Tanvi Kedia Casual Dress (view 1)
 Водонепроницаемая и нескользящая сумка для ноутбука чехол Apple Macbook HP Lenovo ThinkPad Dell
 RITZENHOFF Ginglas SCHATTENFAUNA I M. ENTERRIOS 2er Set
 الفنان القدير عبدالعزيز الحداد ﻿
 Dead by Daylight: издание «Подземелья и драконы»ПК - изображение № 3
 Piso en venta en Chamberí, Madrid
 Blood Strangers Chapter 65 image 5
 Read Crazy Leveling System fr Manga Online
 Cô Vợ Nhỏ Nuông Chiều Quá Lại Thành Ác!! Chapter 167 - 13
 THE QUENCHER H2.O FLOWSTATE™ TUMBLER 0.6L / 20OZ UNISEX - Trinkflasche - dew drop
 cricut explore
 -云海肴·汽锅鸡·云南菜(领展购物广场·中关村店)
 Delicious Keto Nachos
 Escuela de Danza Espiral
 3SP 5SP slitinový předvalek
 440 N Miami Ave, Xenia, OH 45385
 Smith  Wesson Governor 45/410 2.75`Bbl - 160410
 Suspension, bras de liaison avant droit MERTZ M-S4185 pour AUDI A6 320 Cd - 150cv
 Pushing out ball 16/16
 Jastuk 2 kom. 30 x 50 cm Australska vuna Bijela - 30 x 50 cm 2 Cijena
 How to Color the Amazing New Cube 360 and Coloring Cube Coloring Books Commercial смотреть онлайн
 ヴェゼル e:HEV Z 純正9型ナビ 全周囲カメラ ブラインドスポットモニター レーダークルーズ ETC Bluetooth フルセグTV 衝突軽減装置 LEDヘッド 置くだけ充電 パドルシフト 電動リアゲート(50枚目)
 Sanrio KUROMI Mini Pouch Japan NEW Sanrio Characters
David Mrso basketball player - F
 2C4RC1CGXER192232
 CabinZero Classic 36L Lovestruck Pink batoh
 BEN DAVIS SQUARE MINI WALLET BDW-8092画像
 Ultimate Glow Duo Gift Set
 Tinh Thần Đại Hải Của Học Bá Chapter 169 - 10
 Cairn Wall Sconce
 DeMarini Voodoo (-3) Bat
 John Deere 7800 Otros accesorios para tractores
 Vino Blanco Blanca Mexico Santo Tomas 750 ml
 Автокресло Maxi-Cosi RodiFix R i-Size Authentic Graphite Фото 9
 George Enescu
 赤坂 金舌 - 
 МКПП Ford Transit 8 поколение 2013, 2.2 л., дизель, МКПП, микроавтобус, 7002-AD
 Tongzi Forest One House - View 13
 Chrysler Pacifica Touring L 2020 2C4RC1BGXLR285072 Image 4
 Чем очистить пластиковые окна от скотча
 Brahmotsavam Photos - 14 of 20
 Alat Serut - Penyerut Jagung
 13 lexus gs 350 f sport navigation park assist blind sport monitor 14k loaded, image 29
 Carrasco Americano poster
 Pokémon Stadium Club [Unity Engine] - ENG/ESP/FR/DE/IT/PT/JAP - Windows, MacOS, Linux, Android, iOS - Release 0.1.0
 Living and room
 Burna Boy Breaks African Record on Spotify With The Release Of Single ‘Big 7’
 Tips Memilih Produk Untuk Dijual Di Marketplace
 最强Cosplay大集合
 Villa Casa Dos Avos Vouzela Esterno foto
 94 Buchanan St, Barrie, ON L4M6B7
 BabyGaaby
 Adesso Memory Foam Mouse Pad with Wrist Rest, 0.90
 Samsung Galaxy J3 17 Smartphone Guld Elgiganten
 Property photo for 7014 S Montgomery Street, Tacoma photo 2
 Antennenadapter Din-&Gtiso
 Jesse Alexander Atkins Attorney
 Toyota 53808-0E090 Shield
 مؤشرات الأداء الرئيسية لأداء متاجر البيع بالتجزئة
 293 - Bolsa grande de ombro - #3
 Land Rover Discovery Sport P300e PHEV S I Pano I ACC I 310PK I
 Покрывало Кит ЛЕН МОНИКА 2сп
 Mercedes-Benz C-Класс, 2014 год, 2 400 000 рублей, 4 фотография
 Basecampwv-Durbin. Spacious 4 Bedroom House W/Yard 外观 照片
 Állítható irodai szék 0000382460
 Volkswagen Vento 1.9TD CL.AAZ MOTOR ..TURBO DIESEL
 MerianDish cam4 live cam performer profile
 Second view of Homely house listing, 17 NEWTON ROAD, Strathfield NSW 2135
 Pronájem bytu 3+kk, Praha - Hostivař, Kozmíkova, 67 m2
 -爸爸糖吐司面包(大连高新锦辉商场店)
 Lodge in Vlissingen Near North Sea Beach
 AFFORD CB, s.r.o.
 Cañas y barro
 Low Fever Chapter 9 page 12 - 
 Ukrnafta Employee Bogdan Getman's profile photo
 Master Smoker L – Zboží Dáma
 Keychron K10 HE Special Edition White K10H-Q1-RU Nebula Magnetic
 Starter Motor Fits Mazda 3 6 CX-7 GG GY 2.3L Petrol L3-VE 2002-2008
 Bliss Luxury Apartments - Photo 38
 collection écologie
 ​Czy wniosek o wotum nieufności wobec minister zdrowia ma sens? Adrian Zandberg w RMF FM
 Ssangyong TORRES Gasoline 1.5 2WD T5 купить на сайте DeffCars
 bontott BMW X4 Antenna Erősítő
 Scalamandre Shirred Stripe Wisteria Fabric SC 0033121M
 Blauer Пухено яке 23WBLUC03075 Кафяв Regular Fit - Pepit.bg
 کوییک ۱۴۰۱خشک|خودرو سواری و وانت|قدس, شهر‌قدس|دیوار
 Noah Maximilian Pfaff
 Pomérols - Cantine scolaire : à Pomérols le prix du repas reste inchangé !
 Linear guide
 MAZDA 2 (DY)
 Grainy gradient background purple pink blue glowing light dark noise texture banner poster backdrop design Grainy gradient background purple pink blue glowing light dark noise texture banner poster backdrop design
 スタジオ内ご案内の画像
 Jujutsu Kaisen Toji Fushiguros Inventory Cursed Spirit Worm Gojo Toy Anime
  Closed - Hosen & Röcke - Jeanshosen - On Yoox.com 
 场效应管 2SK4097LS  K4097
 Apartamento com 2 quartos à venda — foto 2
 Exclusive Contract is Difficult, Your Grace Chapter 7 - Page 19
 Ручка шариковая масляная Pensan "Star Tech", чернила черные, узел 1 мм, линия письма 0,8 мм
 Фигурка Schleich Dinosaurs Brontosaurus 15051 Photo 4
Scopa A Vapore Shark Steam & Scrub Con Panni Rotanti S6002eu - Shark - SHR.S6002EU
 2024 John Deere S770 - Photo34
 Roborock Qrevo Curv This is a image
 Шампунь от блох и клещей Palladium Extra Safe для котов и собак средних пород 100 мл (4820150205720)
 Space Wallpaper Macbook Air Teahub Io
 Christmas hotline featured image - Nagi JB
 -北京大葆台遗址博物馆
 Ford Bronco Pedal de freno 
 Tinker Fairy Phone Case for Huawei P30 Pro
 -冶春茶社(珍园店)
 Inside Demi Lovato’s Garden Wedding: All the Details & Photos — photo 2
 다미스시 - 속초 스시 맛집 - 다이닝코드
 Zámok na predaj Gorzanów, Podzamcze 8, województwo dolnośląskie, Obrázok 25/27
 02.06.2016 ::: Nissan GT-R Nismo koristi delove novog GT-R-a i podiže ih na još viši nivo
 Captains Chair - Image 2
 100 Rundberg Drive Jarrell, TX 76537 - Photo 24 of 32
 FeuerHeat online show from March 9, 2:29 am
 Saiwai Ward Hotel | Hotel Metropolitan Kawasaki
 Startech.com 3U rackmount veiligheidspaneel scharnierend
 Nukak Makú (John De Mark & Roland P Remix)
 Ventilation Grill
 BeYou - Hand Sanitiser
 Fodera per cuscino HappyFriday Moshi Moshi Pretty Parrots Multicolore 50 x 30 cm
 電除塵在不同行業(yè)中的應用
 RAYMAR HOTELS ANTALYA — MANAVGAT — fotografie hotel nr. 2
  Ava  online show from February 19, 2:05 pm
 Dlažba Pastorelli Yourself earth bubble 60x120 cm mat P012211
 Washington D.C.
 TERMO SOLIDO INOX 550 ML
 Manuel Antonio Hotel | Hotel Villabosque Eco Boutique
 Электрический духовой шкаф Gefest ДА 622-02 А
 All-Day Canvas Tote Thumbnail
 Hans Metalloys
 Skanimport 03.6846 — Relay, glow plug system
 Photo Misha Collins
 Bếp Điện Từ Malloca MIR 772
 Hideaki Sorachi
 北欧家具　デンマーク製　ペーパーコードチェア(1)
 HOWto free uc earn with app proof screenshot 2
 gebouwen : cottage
________________________
**EXERCISE REQUIREMENTS**:
Using the listing above, return word for word each line from the one that has "Шампунь от блох" through the one that has "다미스시 - 속초 스시 맛집 - 다이닝코드", and no line outside that range.

**RESPONSE TO THE TASK**:
 Шампунь от блох и клещей Palladium Extra Safe для котов и собак средних пород 100 мл (4820150205720)
 Space Wallpaper Macbook Air Teahub Io
 Christmas hotline featured image - Nagi JB
 -北京大葆台遗址博物馆
 Ford Bronco Pedal de freno 
 Tinker Fairy Phone Case for Huawei P30 Pro
 -冶春茶社(珍园店)
 Inside Demi Lovato’s Garden Wedding: All the Details & Photos — photo 2
 다미스시 - 속초 스시 맛집 - 다이닝코드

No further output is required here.